Chabad has made it their mission to open their doors to unaffiliated Jews while casting no judgment upon their past or current lifestyles. Starting in the 1970’s, they have encouraged Rabbis to set up communities in the far reaches of the secular Jewish world. They serve as “Lamplighters” of Jewish souls.

Rabbi Avi Zweigel and his family were living in Florida in 2003 when they learned about Ashland’s growing Jewish community. They soon made the move and established a congregation. Late last year, with the help of local fundraising, they purchased a building on the main street in town to be used as a synagogue and Jewish center. It had previously been occupied by a Starbucks. The Rabbi is known for his accessibility and attentiveness. He figures that the number of Jewish households in the area has grown to about 1800.

Richard had grown weary of urban life as a teacher in inner city L.A. Him and his wife moved to a conservative rural area in Idaho. But they missed having a Jewish community. Although they were far from “religious,” they had grown up in a liberal, Reform Jewish congregation and sorely missed the ethnic and spiritual connection.

When reflecting on his Idaho neighbors in an interview, Richard explained that they saw him as someone to convert, not someone to accept as he was. So he began traveling to the nearest Chabad center in Washington. Eventually he began staying over at the local Rabbi’s house on the Sabbath.

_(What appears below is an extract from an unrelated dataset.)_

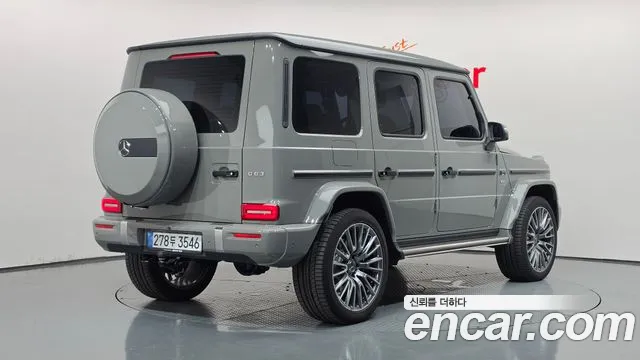 Mercedes-Benz G-Класс 2026 thumb 2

While passing through Ashland Richard was struck by the warmth of Rabbi Avi and the diversity and openness of the town. He never considered exploring other denominations of Judaism when the spark reignited in him. “I always believed in God. But I have a problem with Conservative or Reform Judaism. They make light of the miraculous and they don’t go into depth. I need to be with community. You need something to guide your life. There’s a love at Chabad.”

Richard is optimistic about the Jewish future of Ashland. “I think there’s a spiritual draw here. It’s a freedom and an acceptance. It’s kind of cozy. I think the Jewish community is going to grow,” he said.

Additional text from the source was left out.